:: DATA FOR THIS EXERCISE ::
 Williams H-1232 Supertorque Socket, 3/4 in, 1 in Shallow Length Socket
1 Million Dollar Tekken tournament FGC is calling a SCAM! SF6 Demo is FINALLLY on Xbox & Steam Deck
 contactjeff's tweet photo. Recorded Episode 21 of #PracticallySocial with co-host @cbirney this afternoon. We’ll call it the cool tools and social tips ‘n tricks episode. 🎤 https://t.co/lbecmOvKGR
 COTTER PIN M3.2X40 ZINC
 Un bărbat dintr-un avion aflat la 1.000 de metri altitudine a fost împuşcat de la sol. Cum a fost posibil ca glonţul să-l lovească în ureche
:::
:: DATA FOR THIS EXERCISE ::
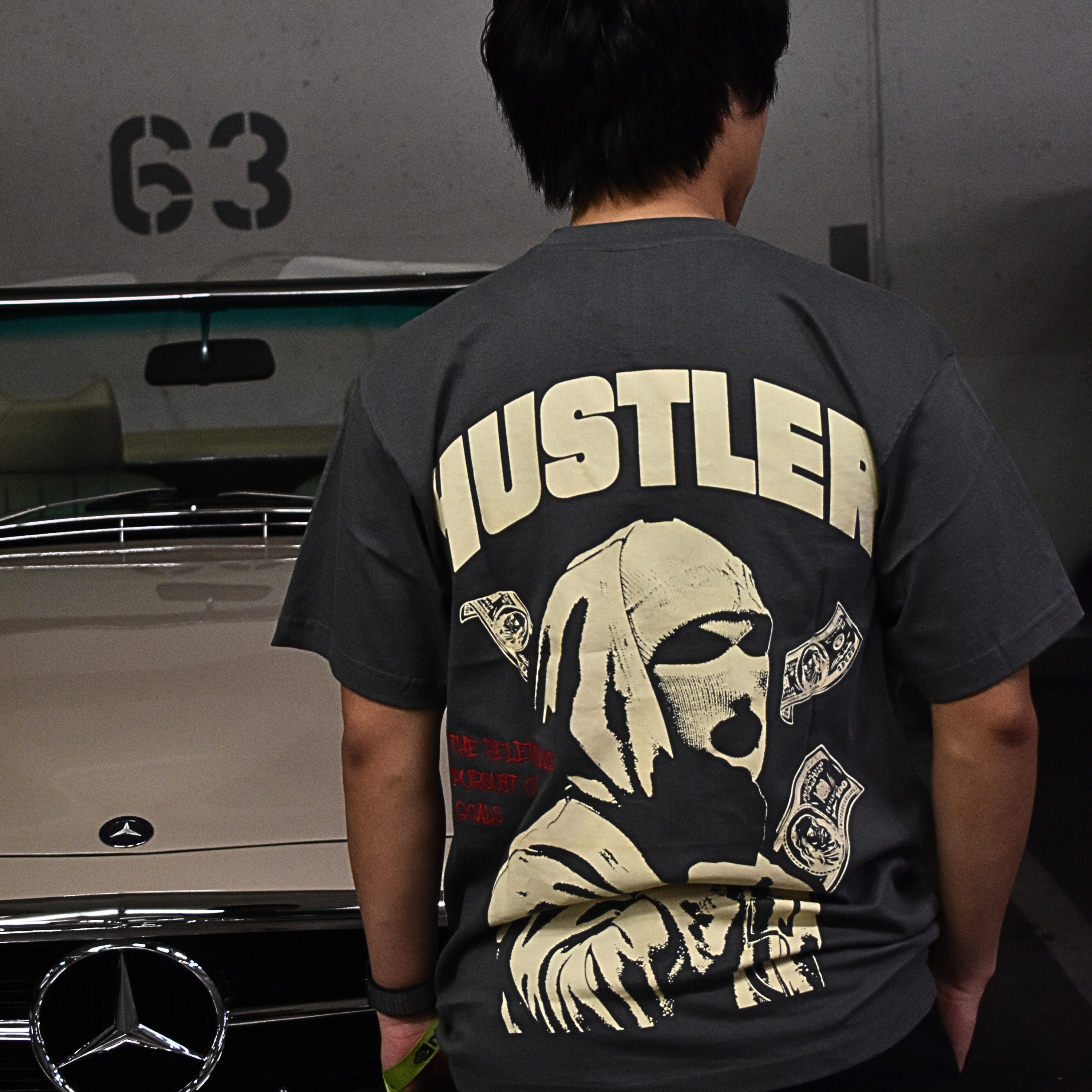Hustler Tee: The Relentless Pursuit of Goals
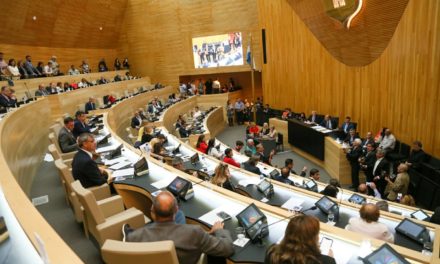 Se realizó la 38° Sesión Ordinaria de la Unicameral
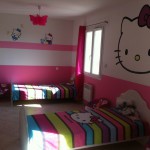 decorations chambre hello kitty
:::
:: DATA FOR THIS EXERCISE ::
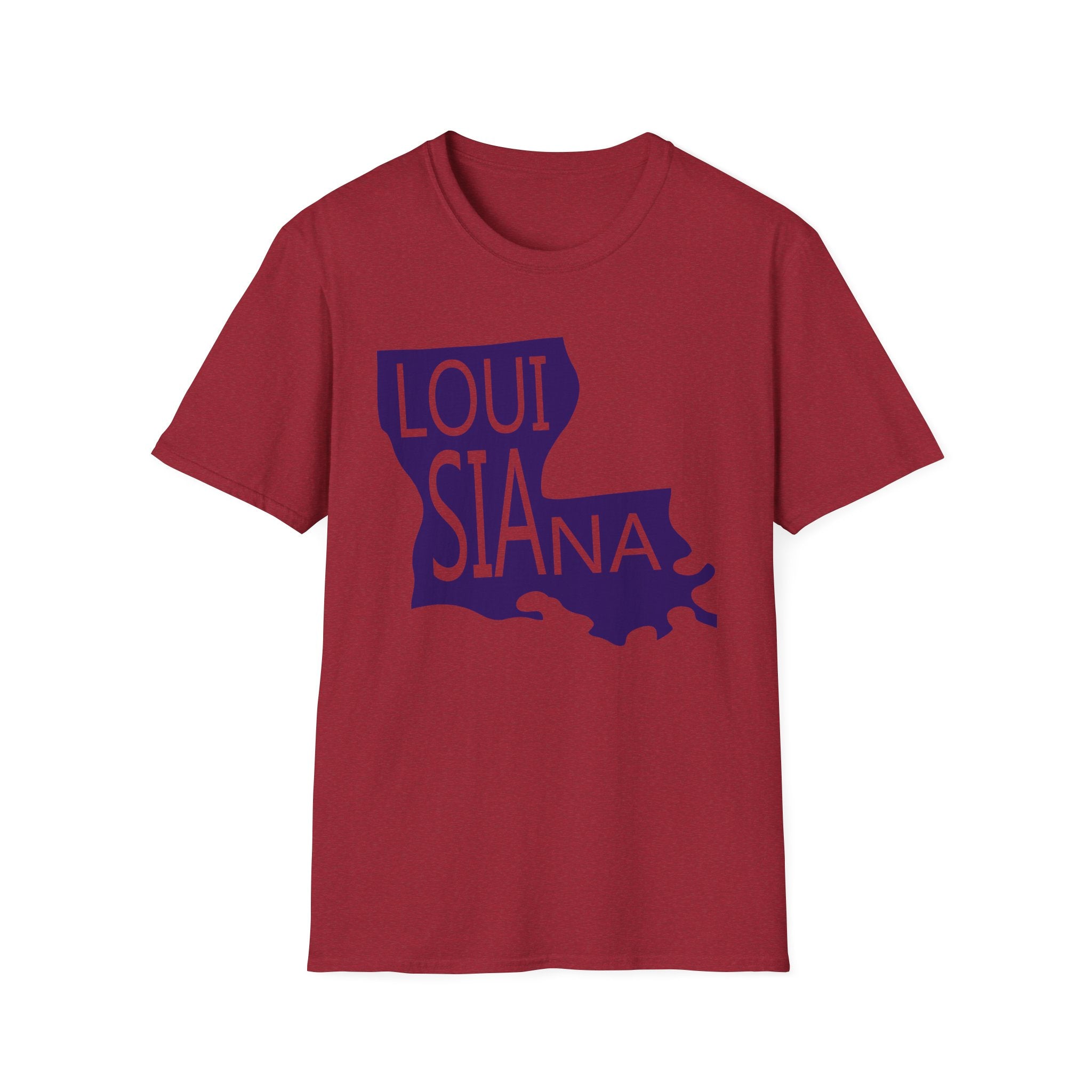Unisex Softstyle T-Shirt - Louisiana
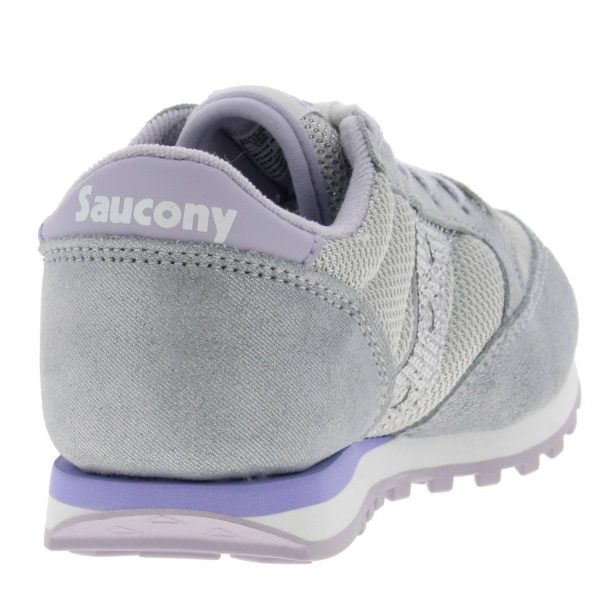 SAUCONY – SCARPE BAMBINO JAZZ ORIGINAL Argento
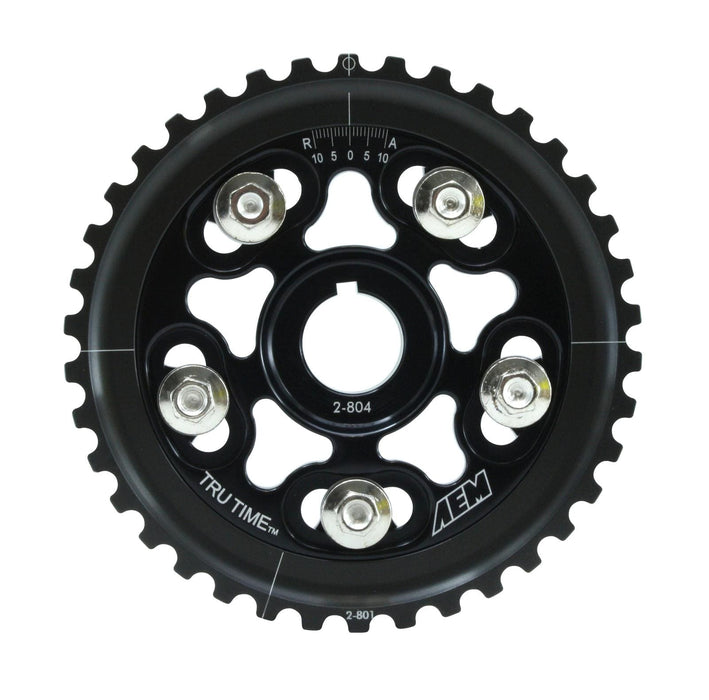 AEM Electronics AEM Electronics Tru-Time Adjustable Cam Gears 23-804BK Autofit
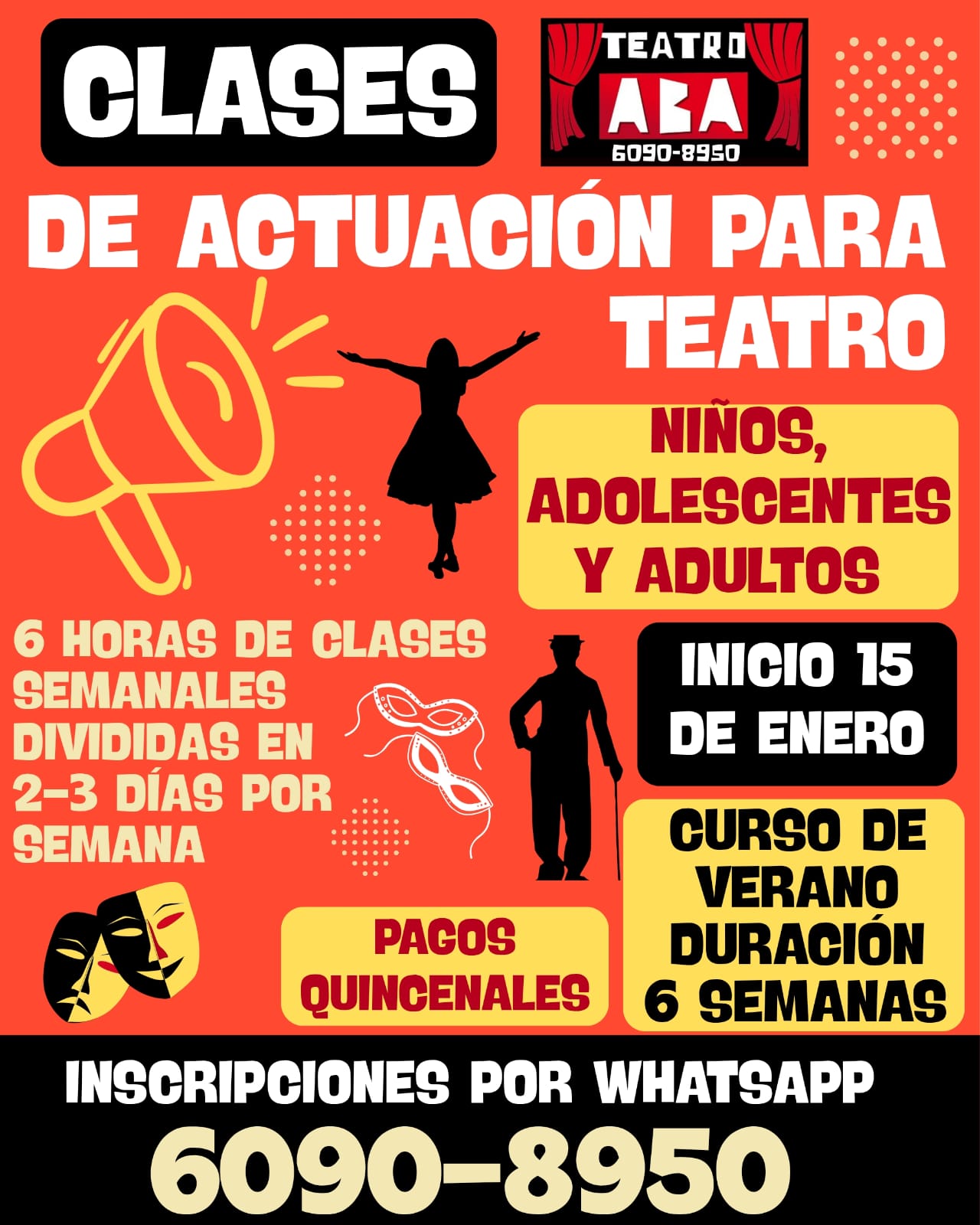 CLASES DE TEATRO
:::
## TASK TO CARRY OUT
All that is wanted is the stretch of lines above from the one containing "Williams H-1232 Supertorque" through the one containing "Un bărbat dintr-un", duplicated exactly.

## TASK RESPONSE
 Williams H-1232 Supertorque Socket, 3/4 in, 1 in Shallow Length Socket
1 Million Dollar Tekken tournament FGC is calling a SCAM! SF6 Demo is FINALLLY on Xbox & Steam Deck
 contactjeff's tweet photo. Recorded Episode 21 of #PracticallySocial with co-host @cbirney this afternoon. We’ll call it the cool tools and social tips ‘n tricks episode. 🎤 https://t.co/lbecmOvKGR
 COTTER PIN M3.2X40 ZINC
 Un bărbat dintr-un avion aflat la 1.000 de metri altitudine a fost împuşcat de la sol. Cum a fost posibil ca glonţul să-l lovească în ureche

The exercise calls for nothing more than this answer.